Réflexion sur l’isolement social
Par Éric Gagnon – 1er décembre 2018
L’expérience de l’isolement est multiforme. L’auteur retrace différentes facettes de cette réalité, sa complexité et ses liens souvent étroits avec la précarité financière de ceux et celles qui la subissent. L’isolement pose à notre société et à notre manière de concevoir le vivre ensemble de nombreuses questions.

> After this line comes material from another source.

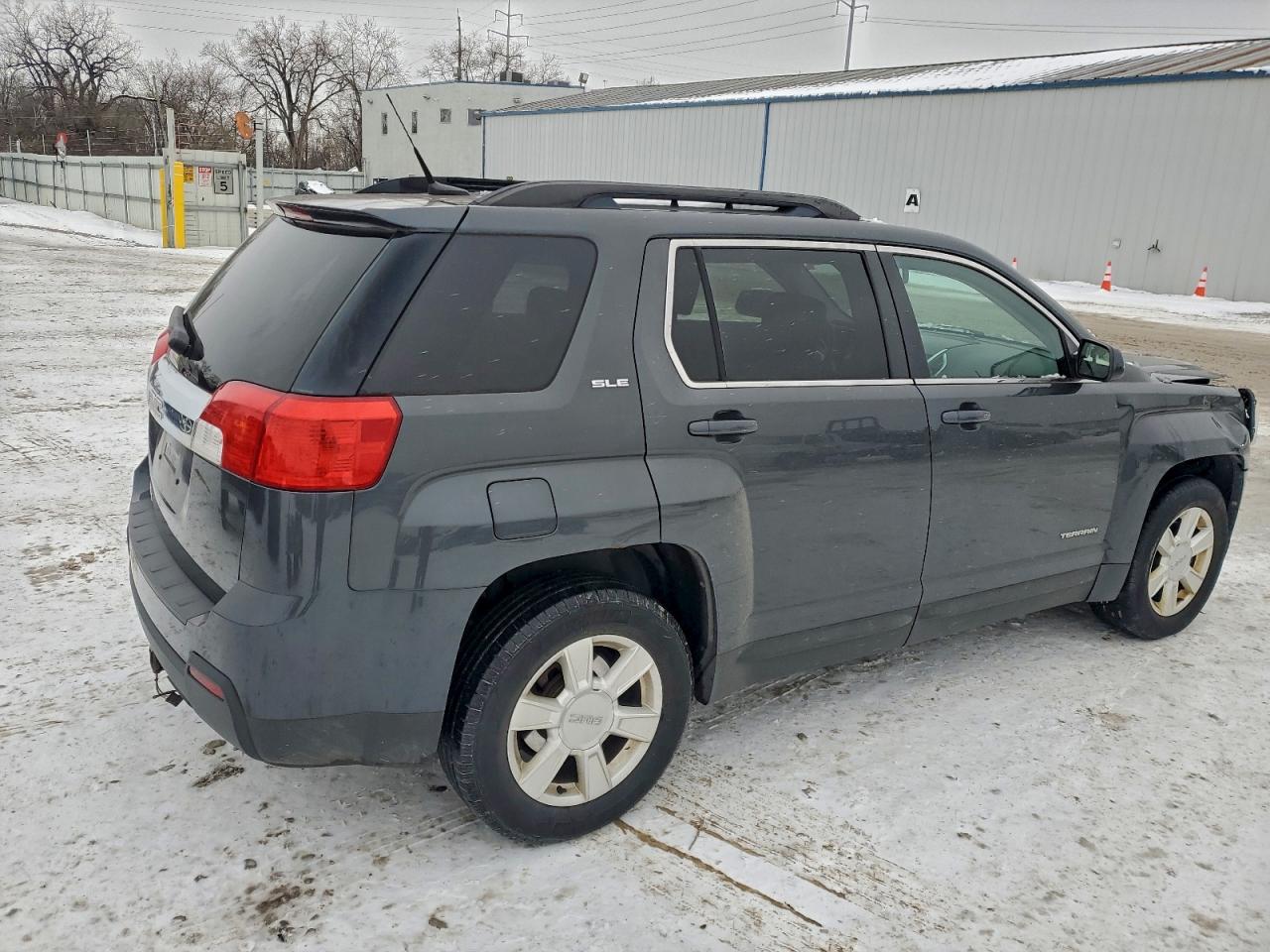 2011 GMC TERRAIN SLE photo 5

Une personne est dite « isolée » lorsqu’elle n’entretient des liens qu’avec un nombre très limité de personnes et que les contacts sont peu fréquents. C’est la manière la plus simple de définir l’isolement social. En marge des cercles d’échange, la personne isolée est privée de tout ce qui y circule : biens et services, information et conseils, soutien moral et psychologique. Mais tout aussi importants que le nombre de contacts et le volume des échanges sont la nature et la qualité des liens et des échanges, leurs aspects symboliques. C’est ce que je voudrais ici brièvement rappeler, de manière à mieux comprendre l’expérience de l’isolement, à mieux en cerner les grandes dimensions et à soulever un certain nombre de questions.
Demeurer à l’écart
Être isolé, c’est d’abord ne pas pouvoir profiter de tout ce qui s’échange au sein d’une famille, entre amis ou entre voisins, sous la forme de dons, de prêts ou de trocs. C’est être ainsi privé de tout ce qui facilite grandement la vie quotidienne et qui permet de faire face aux coups durs (Séguin et al., 2017). C’est souvent avoir de la difficulté à se procurer les biens de première nécessité – nourriture, vêtements pour toutes les saisons, logement salubre convenablement chauffé, etc. C’est également avoir de la difficulté à se procurer ces biens de consommation qui ne sont pas indispensables – voiture, maison, repas au restaurant - mais qui sont des signes de réussite et surtout d’appartenance à un groupe ou un milieu, et dont la privation contribue à marginaliser ou déprécier la personne. Ne pas avoir d’argent ou très peu, par exemple, c’est ne pas pouvoir participer aux fêtes et aux rencontres, ou devoir cesser progressivement d’y participer, et s’exclure d’un groupe. L’isolement est une expérience identitaire autant qu’une condition de vie matérielle précaire.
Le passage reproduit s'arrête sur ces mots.